What was the Wild West really like? We all know the Hollywodized notion of whiskey, indians, shootouts at high noon...

What was the Wild West really like? We all know the Hollywodized notion of whiskey, indians, shootouts at high noon, and cattle trails. But that's bullshit. How lawless was the western frontier really, and what finally tamed it?

It was tamed by prostitutes who provided the capital to help other girls start businesses

It was actually pretty close to how it's depicted in the certain media if you're not watching clearly over the top action movies like The Magnificent Seven or movies that depict heavily dramatized versions (dueling tournaments) of things that really did happen fairly frequently (duels).

Blood Meridian basically

This is actually correct.

Women tamed the wild west yet autists here will deny it to their dying breathe

>shootout at high noon happened only once recorded
>cowboys usually drank bottled beer, and if it was whiskey it was rotgut moonshine
>colt single action army was actually a rich man's gun, the british bulldog was much more prevalent
>OK Corral was a shootout between like 10 guys, and this was one of the most notable and bloody fights recorded, meaning everything else was relatively tame
>god is a lie, we are only put here to suffer
>etc

>shootout at high noon happened only once recorded
This sounds like you're putting a really restrictive definition on what a duel is in order to make it seem like they were less common than they were.

>colt single action army was actually a rich man's gun
A lot of wild west gunfighters were "rich men", land owners fighting other land owners over claims, bounty hunters/federal agents, criminals who made a lot of money robbing trains/coaches/banks etc.

>OK Corral was a shootout between like 10 guys, and this was one of the most notable and bloody fights recorded, meaning everything else was relatively tame
Some of the range wars were a lot bloodier than that, and gang/pinkerton conflicts were frequently about as bloody. A large part of the reason why the OK corral is one of the more famous "cowboy" fights was because it represents the conflict between the government and "cowboys" in a way that's generally more sympathetic to the cowboys.

No. That's part of the story. Not the whole story. Presenting it like it was the only source of capital and investment is silly revisionism.

Source on those cowboys drinking beer please?

Trying to find an online source, but remember it from some documentary. Because the rotgut whiskey could be cut with any amount of shit, a barrel of beer guaranteed what you were getting.

More or less.

The pioneers were savage.

The mexicans were savage.

The Indians were savage.

It was essentially 100 years of three-way guerilla warfare that only ended when there weren't enough sides left to fight.

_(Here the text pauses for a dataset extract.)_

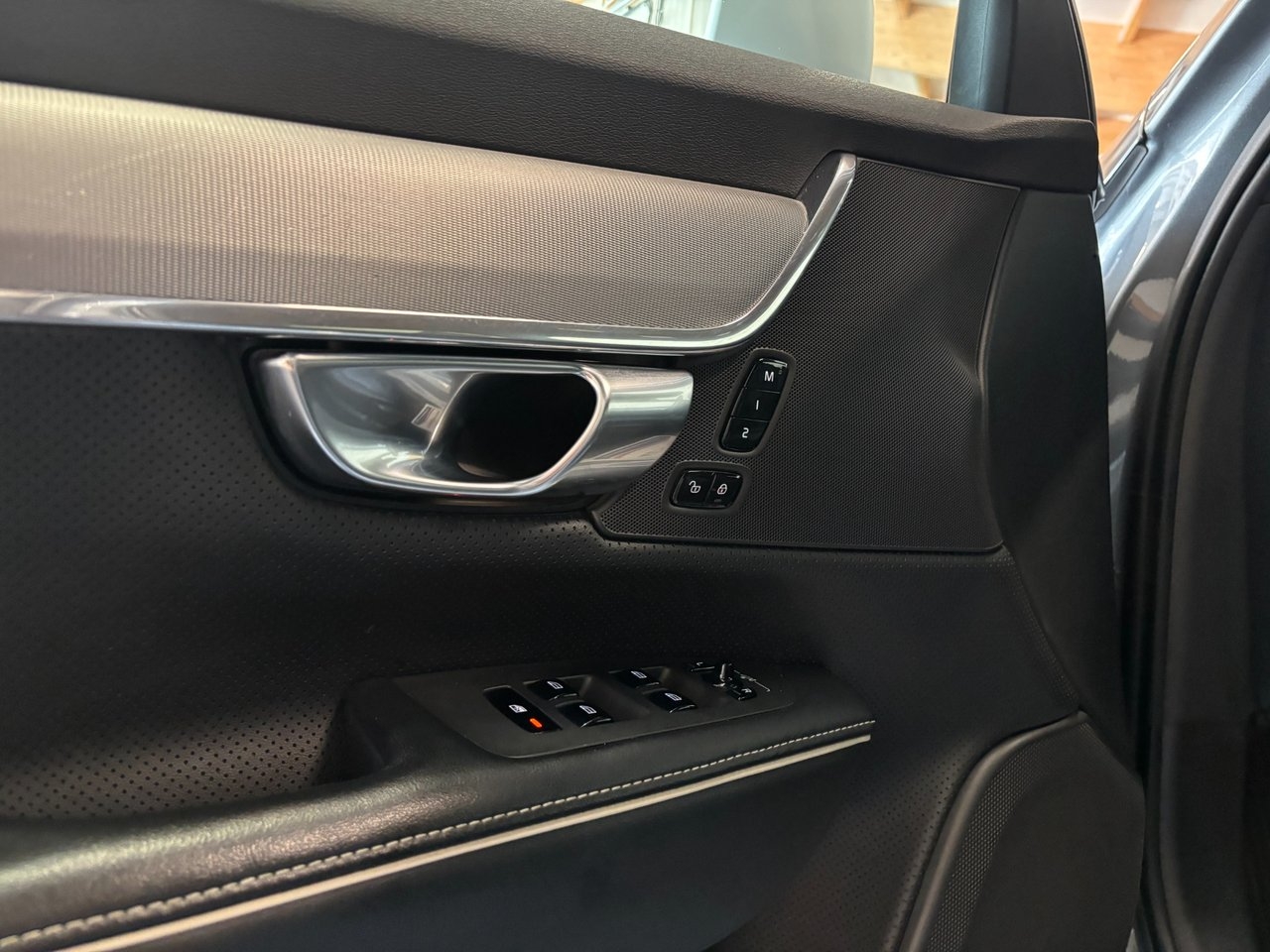 Volvo V90 D3 AWD Geartronic R-Design VoC 2018, bild 5/10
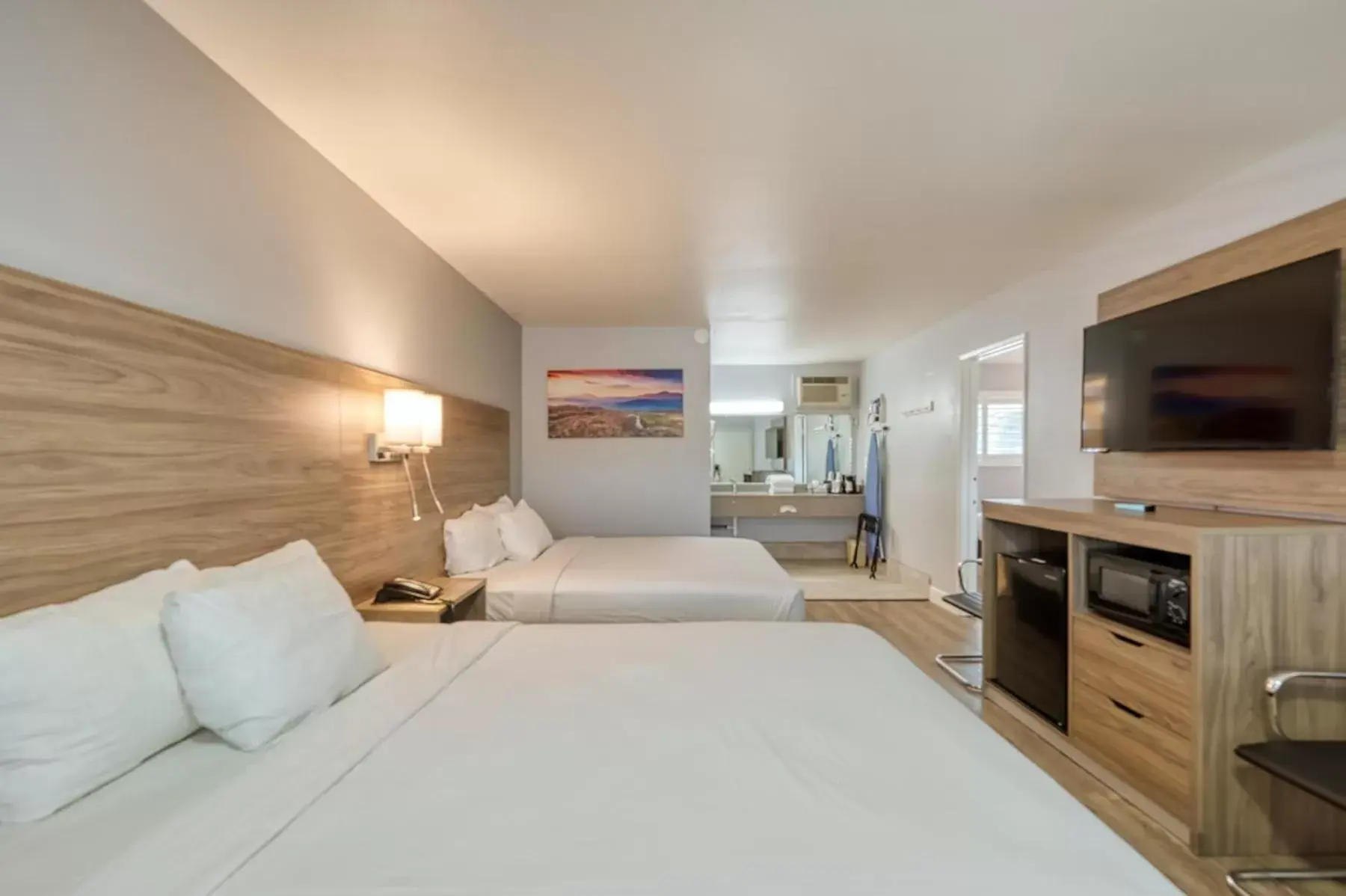 Family Suite in Vagabond Inn San Luis Obispo Family Suite in Vagabond Inn San Luis Obispo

Also railroads tamed the west.

According to Tim McGrath, the violence was there but quite overblown. The urban areas of the East Coast were way more crine ridden and violent than anything in the West.

This.

Typically people were too busy farming/mining/whatever industry had brought them out west to go fuck with each other.

There were bandits, and bank robbers, and hostile Indians, but for the most part it was just quiet farm life.

Bear River Smith survived an ambush using only his fists. The things he pulled off are Chuck Norris tier. He also has a Batman like origin; he accidentally shot a kid and swore away guns,opting to use his fists instead. He was also a manlet.

Some civilization in towns
Everything else was no man's land
Also trains,those where vital

It was lawless but not total chaos.

Everyone had a gun and no one trusted each other. Everyone was part of a community that is small by today's standards and who they'd have to ingratiate themselves with if they intended to make a living. They expected cattle to be stolen, officials to be corrupt and people to spread rumors about them, so they wouldn't give anyone an excuse to do these things if they could avoid it. People looked after themselves and their community out of fear of being murdered or hanged. That isn't ideal of course.

less stetsons and more bowlers

How frequent were injun raids?

>ywn leave the city and go west into the frontier
>ywn make a living trapping furs in the pre railroad era
>ywn build a simple house for your qt squaw to live in

But out on the road they surely drank whiskey?

Probably the worst town was Bodie, Nevada. See also the mini-series Deadwood.

Couldn't tell you about what they drank on cattle drives other than coffee. But to reiterate, the "whiskey" they drank wasn't cask aged FDA definition of whiskey, as much as it was grain alcohol or whatever they had to distill with in the frontier.